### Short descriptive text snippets
+++++
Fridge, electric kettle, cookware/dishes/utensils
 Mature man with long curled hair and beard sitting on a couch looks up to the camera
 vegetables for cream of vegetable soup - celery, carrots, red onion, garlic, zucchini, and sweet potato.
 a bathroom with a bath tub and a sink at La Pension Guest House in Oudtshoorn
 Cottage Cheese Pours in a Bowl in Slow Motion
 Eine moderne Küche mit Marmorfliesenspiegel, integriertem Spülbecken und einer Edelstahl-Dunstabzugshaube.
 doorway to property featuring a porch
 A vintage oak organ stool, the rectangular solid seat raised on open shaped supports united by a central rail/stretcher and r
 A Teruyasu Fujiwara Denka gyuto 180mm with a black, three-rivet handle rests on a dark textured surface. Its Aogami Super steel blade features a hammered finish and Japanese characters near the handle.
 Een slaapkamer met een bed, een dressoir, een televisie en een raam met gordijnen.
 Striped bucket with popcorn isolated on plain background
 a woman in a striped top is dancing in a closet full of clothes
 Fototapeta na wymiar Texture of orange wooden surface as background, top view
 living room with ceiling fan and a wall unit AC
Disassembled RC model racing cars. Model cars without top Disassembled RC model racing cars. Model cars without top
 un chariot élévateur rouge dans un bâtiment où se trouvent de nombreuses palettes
+++++
Nothing but the lines from the one with "doorway to property featuring a porch" through the final line of the records above should appear, each copied exactly.

### ANSWER FOR THIS EXERCISE
 doorway to property featuring a porch
 A vintage oak organ stool, the rectangular solid seat raised on open shaped supports united by a central rail/stretcher and r
 A Teruyasu Fujiwara Denka gyuto 180mm with a black, three-rivet handle rests on a dark textured surface. Its Aogami Super steel blade features a hammered finish and Japanese characters near the handle.
 Een slaapkamer met een bed, een dressoir, een televisie en een raam met gordijnen.
 Striped bucket with popcorn isolated on plain background
 a woman in a striped top is dancing in a closet full of clothes
 Fototapeta na wymiar Texture of orange wooden surface as background, top view
 living room with ceiling fan and a wall unit AC
Disassembled RC model racing cars. Model cars without top Disassembled RC model racing cars. Model cars without top
 un chariot élévateur rouge dans un bâtiment où se trouvent de nombreuses palettes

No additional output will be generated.